● REQUIREMENT:
Could you write out the lines below exactly, beginning with the first and finishing with the one that contains "Avsin Apart Hotel"?

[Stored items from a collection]

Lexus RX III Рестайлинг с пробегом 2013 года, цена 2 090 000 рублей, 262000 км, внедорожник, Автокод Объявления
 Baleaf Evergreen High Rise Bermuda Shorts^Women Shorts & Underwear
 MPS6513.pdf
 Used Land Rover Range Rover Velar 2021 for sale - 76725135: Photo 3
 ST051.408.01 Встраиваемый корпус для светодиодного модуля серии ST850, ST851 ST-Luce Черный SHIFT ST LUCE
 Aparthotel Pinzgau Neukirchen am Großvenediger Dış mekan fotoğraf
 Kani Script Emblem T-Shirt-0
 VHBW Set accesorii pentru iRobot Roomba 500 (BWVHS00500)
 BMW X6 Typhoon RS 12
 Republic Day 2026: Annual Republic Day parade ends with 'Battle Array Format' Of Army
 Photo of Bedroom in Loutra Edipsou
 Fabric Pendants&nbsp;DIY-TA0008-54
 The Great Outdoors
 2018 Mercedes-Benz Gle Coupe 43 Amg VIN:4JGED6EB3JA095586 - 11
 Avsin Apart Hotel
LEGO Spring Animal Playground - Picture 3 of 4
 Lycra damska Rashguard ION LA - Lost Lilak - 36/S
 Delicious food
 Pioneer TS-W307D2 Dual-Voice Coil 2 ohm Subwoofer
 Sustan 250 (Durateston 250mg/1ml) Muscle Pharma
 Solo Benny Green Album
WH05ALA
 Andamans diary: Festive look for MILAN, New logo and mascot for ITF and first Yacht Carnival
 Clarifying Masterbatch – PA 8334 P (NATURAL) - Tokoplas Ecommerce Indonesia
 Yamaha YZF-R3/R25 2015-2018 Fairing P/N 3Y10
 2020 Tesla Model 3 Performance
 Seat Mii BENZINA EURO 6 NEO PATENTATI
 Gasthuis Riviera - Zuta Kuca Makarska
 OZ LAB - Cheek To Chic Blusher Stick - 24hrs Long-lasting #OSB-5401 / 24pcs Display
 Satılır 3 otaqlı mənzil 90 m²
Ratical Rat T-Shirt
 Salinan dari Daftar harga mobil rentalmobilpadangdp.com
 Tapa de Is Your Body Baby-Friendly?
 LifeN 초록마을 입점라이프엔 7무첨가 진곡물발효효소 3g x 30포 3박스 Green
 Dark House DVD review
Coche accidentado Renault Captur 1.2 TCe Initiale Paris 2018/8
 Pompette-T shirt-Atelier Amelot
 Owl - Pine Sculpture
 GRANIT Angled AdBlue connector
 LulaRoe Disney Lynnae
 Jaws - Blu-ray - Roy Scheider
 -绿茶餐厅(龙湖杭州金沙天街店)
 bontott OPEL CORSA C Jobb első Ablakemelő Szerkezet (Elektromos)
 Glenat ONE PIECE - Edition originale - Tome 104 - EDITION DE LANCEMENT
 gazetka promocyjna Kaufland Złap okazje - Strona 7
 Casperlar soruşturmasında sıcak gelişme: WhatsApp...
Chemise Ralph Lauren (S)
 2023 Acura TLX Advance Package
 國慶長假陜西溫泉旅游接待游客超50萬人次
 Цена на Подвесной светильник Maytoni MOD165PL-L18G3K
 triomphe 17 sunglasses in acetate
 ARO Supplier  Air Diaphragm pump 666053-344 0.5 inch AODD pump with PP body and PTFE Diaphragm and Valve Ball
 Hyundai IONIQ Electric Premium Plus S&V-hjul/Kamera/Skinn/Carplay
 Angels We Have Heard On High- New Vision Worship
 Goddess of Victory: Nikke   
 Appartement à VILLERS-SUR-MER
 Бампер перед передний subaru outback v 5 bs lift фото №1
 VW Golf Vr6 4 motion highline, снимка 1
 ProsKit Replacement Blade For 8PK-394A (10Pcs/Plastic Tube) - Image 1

● TASK RESULT:
Lexus RX III Рестайлинг с пробегом 2013 года, цена 2 090 000 рублей, 262000 км, внедорожник, Автокод Объявления
 Baleaf Evergreen High Rise Bermuda Shorts^Women Shorts & Underwear
 MPS6513.pdf
 Used Land Rover Range Rover Velar 2021 for sale - 76725135: Photo 3
 ST051.408.01 Встраиваемый корпус для светодиодного модуля серии ST850, ST851 ST-Luce Черный SHIFT ST LUCE
 Aparthotel Pinzgau Neukirchen am Großvenediger Dış mekan fotoğraf
 Kani Script Emblem T-Shirt-0
 VHBW Set accesorii pentru iRobot Roomba 500 (BWVHS00500)
 BMW X6 Typhoon RS 12
 Republic Day 2026: Annual Republic Day parade ends with 'Battle Array Format' Of Army
 Photo of Bedroom in Loutra Edipsou
 Fabric Pendants&nbsp;DIY-TA0008-54
 The Great Outdoors
 2018 Mercedes-Benz Gle Coupe 43 Amg VIN:4JGED6EB3JA095586 - 11
 Avsin Apart Hotel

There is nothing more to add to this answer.